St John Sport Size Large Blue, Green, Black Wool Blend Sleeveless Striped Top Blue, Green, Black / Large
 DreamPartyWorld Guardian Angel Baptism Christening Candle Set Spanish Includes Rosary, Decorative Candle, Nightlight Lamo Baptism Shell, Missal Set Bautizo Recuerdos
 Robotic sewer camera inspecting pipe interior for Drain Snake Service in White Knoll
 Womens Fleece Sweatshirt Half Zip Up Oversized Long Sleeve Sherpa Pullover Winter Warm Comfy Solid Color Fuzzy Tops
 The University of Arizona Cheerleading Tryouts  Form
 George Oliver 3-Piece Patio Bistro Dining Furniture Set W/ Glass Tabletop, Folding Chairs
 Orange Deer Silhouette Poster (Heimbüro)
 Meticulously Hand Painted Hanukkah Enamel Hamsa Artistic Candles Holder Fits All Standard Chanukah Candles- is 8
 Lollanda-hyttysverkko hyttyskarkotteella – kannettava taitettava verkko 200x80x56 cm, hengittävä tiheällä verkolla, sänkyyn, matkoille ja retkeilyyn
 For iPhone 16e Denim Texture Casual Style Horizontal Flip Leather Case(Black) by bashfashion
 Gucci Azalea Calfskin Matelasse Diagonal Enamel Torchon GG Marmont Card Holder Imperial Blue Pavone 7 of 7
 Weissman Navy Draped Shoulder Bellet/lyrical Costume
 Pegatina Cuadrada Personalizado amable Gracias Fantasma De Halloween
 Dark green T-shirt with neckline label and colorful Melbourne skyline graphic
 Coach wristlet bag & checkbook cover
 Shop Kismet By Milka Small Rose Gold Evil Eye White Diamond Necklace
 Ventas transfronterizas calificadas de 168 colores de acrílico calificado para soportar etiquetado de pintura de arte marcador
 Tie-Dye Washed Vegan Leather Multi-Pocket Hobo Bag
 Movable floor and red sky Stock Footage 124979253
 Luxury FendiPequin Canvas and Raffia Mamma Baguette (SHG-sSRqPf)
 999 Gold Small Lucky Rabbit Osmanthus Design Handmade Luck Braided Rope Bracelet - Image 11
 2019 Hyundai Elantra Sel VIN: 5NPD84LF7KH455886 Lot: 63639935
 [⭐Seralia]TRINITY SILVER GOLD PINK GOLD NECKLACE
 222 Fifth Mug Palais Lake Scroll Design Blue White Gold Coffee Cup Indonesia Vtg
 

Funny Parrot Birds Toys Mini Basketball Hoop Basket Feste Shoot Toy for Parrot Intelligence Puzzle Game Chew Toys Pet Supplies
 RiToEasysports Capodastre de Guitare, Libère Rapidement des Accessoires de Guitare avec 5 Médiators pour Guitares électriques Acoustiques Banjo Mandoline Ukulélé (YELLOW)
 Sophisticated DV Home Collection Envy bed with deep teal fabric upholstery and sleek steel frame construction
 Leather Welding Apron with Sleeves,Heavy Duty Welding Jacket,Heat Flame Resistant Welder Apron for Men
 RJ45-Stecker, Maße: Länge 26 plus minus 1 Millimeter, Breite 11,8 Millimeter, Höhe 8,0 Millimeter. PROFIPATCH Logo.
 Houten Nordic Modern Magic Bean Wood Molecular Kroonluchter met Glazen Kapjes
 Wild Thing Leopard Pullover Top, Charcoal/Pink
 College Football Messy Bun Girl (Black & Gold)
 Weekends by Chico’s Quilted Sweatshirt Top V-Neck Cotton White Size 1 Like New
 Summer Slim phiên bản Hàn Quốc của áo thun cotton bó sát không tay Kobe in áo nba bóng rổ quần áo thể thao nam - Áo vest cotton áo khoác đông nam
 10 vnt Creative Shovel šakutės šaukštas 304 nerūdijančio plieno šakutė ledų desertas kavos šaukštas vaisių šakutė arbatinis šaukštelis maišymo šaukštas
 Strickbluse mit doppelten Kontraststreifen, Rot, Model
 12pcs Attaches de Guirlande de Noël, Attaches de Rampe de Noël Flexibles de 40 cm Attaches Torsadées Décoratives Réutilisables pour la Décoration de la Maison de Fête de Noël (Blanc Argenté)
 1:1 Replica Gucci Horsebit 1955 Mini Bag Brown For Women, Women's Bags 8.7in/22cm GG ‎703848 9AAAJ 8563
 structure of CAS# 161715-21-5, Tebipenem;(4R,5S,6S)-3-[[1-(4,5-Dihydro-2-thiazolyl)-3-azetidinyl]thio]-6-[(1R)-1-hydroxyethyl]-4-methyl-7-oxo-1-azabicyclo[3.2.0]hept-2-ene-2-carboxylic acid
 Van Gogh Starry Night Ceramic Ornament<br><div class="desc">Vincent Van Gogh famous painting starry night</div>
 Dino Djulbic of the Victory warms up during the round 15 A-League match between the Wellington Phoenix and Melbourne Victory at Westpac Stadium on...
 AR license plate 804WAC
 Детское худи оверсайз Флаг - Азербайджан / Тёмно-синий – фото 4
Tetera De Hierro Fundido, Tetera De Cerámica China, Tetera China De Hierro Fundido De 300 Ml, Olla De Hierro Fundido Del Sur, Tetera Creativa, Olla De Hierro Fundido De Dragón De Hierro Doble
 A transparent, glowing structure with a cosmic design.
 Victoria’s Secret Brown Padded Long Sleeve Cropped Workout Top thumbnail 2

→ The task: Your task is to transcribe, with no changes, only the lines of the listing above that lie between the line holding "DreamPartyWorld Guardian Angel" and the line holding "The University of", inclusive.

→ Answer below:
 DreamPartyWorld Guardian Angel Baptism Christening Candle Set Spanish Includes Rosary, Decorative Candle, Nightlight Lamo Baptism Shell, Missal Set Bautizo Recuerdos
 Robotic sewer camera inspecting pipe interior for Drain Snake Service in White Knoll
 Womens Fleece Sweatshirt Half Zip Up Oversized Long Sleeve Sherpa Pullover Winter Warm Comfy Solid Color Fuzzy Tops
 The University of Arizona Cheerleading Tryouts  Form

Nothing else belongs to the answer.